__YOUR TASK__: Using the records that follow, reproduce exactly the lines starting at the line containing "Rare 1976 Petunia" and ending at the line containing "May include: A". Include both end lines and no pictures.

== DATA TO EXAMINE ==

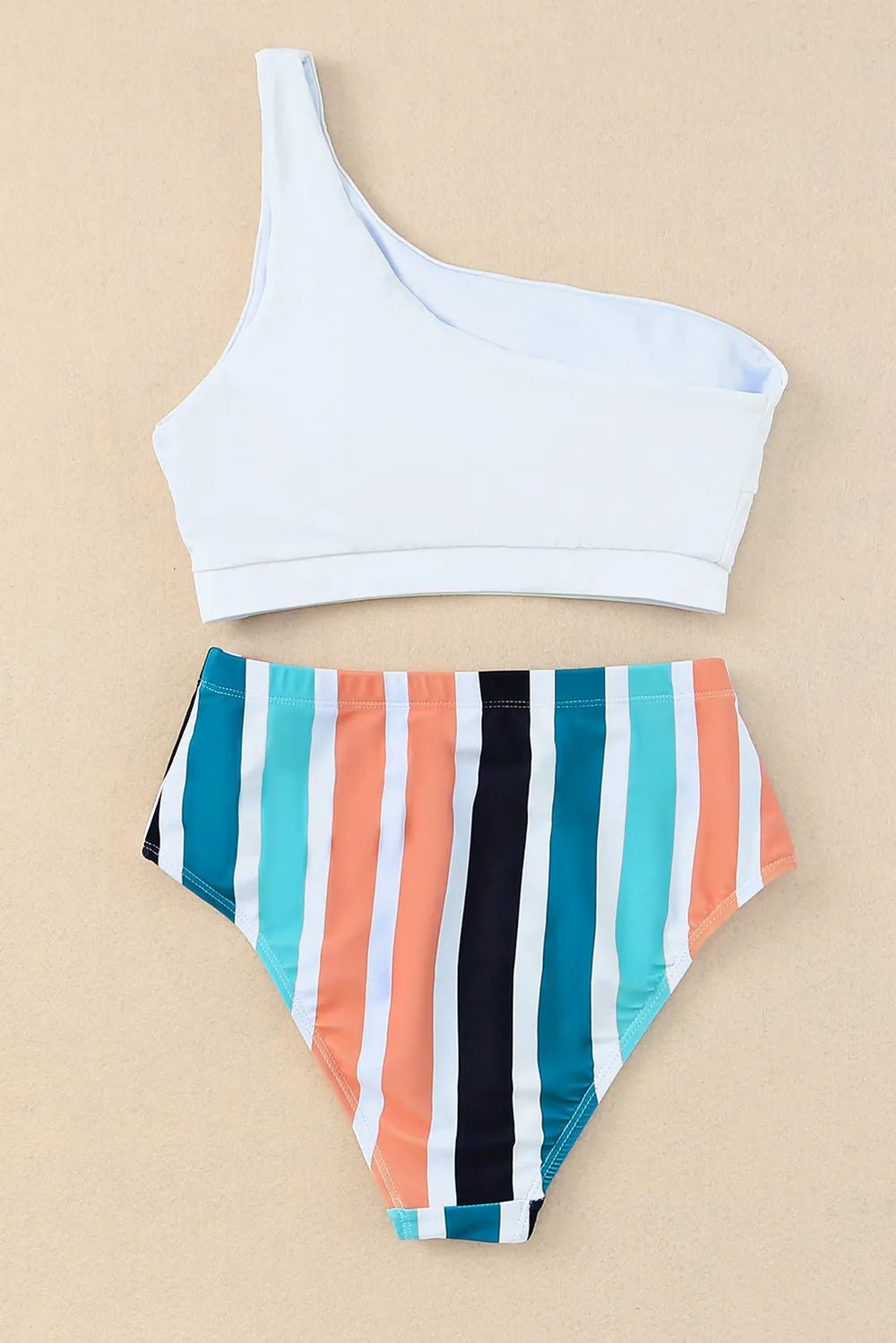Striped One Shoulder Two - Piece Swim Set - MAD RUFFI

===
== DATA TO EXAMINE ==

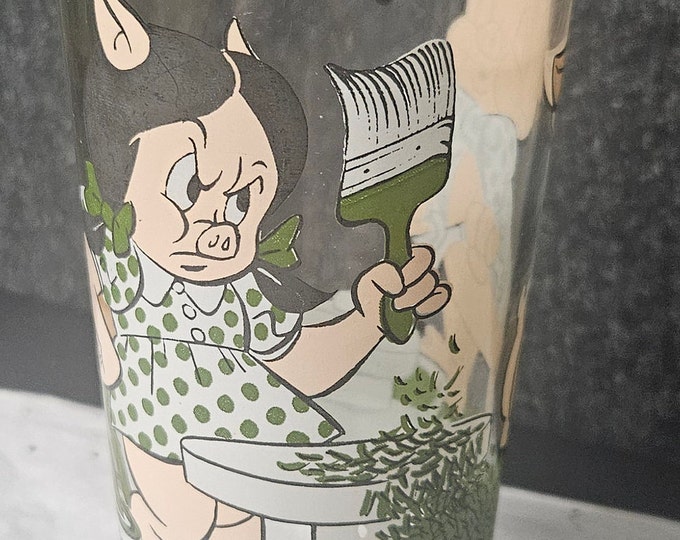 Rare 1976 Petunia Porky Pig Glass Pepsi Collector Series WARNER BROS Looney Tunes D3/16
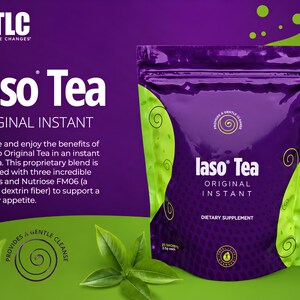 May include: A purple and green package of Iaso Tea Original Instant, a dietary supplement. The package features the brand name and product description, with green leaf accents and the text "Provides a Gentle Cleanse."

===
== DATA TO EXAMINE ==

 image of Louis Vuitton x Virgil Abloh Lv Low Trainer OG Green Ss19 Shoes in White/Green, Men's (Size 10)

===

__EXERCISE SOLUTION__:
 Rare 1976 Petunia Porky Pig Glass Pepsi Collector Series WARNER BROS Looney Tunes D3/16
 May include: A purple and green package of Iaso Tea Original Instant, a dietary supplement. The package features the brand name and product description, with green leaf accents and the text "Provides a Gentle Cleanse."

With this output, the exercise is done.